Erol never worked well with grief. He never learned to feel what he needed to feel - even now. He'd waste as he always did, running too fast and running too far to escape what never moved. All the sympathy at our school would spring up in droves when the news came, and he'd answer all their asks with I'm fine. And he would be - he wouldn't lie. He'd keep himself carefully empty, carefully preserved so he could feel the joy of my return. So he could hug me without tears.
But there's no more Elex Yorke to hug. That canny hope would wane with every day, wasting like a beached whale under the summer heat. He'd hope until it became routine. He'd hope because he wasn't aware he stopped hoping weeks ago. It'd leave him with an insidious emptiness that festered under his own knowing.
Then, on a day like today, they'd find him at the end of his rope.
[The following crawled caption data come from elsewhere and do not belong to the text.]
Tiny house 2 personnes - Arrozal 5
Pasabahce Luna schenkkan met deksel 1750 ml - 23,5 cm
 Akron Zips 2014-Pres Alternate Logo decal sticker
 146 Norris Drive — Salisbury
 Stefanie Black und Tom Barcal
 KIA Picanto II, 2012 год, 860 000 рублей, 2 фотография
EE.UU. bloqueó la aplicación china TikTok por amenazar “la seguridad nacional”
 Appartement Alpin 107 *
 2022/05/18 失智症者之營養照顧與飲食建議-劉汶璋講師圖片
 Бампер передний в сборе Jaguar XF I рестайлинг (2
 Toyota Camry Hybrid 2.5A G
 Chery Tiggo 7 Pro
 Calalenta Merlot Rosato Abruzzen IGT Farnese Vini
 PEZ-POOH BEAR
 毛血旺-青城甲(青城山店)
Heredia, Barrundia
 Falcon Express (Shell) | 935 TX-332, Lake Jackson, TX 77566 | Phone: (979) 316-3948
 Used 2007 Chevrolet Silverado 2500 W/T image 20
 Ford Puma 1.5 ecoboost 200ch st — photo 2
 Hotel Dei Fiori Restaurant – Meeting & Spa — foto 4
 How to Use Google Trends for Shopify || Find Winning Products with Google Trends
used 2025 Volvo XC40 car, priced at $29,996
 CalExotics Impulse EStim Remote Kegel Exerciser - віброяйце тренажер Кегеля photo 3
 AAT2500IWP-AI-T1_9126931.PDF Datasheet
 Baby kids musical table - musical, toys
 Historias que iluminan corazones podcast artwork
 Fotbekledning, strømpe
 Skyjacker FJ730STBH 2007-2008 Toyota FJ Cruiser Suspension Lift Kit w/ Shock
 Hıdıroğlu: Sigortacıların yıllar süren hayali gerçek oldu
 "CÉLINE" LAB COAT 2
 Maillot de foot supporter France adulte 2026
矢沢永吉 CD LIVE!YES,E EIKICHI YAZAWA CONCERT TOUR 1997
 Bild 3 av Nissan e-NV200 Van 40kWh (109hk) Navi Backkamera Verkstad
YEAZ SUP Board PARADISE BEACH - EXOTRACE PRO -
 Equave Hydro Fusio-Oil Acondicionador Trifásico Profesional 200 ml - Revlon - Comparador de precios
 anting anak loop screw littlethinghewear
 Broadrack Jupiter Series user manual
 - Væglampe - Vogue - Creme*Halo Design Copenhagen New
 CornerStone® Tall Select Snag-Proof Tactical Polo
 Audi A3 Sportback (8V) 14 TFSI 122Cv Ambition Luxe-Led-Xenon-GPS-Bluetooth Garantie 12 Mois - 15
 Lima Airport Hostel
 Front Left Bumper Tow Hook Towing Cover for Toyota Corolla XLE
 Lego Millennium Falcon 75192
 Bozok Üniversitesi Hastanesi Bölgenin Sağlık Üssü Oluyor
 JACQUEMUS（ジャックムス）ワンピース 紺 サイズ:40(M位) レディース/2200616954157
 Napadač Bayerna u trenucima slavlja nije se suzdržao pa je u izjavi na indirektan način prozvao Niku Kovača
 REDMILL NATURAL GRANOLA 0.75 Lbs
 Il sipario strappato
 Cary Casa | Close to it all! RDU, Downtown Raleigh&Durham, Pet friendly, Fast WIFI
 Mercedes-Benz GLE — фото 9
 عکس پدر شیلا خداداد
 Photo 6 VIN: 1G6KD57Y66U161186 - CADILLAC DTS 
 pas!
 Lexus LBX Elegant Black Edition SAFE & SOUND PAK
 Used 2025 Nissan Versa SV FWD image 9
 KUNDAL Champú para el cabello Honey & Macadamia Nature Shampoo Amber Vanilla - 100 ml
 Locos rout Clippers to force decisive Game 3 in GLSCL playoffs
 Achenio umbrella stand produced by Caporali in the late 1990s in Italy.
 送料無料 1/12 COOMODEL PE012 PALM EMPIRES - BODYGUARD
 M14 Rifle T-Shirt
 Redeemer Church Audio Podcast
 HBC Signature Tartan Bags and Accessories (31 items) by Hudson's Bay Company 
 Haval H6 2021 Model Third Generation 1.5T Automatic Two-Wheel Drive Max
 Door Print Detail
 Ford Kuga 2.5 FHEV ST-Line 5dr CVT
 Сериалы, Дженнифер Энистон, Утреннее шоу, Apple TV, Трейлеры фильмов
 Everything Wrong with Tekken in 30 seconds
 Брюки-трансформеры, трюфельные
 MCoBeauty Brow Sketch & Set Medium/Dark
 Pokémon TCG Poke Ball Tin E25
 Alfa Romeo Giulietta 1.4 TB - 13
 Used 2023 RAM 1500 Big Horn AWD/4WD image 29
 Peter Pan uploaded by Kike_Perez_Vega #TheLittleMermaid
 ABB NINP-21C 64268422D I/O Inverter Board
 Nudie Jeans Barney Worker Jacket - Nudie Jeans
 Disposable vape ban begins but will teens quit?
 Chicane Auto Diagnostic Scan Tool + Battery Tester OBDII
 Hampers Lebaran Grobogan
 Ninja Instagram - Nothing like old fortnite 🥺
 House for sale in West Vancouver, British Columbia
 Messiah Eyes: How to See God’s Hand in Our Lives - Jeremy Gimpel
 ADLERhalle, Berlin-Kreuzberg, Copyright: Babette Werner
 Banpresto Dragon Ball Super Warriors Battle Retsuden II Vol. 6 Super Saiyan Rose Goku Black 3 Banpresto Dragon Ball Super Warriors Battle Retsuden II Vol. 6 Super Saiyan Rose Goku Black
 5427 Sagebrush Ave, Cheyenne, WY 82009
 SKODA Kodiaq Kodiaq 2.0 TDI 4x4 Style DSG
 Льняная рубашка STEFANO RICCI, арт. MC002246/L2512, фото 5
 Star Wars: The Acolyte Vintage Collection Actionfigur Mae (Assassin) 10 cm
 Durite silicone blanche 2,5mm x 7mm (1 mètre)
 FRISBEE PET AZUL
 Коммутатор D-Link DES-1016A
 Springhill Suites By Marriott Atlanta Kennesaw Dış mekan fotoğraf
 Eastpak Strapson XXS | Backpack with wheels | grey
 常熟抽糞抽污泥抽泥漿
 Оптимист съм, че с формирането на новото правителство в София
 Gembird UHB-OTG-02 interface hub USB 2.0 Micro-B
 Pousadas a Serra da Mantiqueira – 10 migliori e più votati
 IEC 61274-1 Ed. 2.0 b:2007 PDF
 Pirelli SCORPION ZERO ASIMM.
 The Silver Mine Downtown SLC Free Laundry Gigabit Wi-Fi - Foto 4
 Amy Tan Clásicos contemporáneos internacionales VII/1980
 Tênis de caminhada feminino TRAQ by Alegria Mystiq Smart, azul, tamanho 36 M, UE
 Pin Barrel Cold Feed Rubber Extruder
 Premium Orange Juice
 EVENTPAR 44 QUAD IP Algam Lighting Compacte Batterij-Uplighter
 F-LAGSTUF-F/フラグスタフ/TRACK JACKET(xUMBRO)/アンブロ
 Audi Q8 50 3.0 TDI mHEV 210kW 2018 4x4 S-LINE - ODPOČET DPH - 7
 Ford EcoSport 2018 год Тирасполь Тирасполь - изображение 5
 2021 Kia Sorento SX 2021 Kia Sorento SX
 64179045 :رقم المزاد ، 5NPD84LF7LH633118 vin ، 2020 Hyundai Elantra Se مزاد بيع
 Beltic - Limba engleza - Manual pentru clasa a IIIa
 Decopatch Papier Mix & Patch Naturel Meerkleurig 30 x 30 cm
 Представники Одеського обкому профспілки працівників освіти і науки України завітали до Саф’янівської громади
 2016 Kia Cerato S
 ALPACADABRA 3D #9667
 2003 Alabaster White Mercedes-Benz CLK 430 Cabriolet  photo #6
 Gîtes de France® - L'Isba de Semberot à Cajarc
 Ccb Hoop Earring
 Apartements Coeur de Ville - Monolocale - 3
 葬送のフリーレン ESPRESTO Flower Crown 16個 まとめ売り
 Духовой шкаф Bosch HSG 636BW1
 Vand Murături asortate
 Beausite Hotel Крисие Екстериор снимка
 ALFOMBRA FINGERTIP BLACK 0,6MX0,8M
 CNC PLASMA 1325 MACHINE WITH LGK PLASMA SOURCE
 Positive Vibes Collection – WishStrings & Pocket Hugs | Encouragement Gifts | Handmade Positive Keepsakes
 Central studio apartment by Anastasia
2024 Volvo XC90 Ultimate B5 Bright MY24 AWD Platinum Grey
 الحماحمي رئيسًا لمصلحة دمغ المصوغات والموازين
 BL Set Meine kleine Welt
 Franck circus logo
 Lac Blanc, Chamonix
His eyes would bug out, red with busted blood vessels. Half his fingernails would've splintered and broken. His legs would look bloated with all the blood that stopped pumping through his body. They'd have to cut his shoes off, and they'd leave their fabric impressions over his dead skin. He always dressed for the occasion. He dressed for his own funeral. He dressed for my funeral just the same. But there was always that what-if, eating at the back of his mind. What if Elex comes back tonight? What if this nightmare ends tomorrow? That hope broke his fingernails into that rope. That hope left him twisting, listing, with one shoe off and an ugly look on his face.
But he couldn't unstep off that cliff.
And then I'd have to see it all. The empty grave, the grief, the second burial. Elex Yorke is dead, and I'm just a stranger filling his bones. A stranger with dreams of the coldest shard of black ice, piercing my heart again and again until there's nothing left to puncture. A stranger that spits in the eyes of anyone who claims authority over him. A stranger who holds the weight of a starless night in his eyes. Will I care when I don't mourn anymore? When I can think of my mother without this pain in my throat, will I be the monster that the Negaverse wished for?
Will I be their vessel of dead dreams?
The water rippled faintly as his body wracked with sobs. His bath grew cold and bitter with carbonaceous grief. The Negaverse bared down on him, unflinching, unfeeling, and waited for his every bone to pop and splinter with regret. And it would wait long past the destruction of his mind, the wasting of his body. It would pick through the blackened wreckage in the aftermath, searching ever diligently, until it pulled forth that ever-present memory. Until it wrenched forth that frostbitten sword, wrapped in his disembodied heartstrings.
So happy birthday, Elex Yorke. You're a demon now.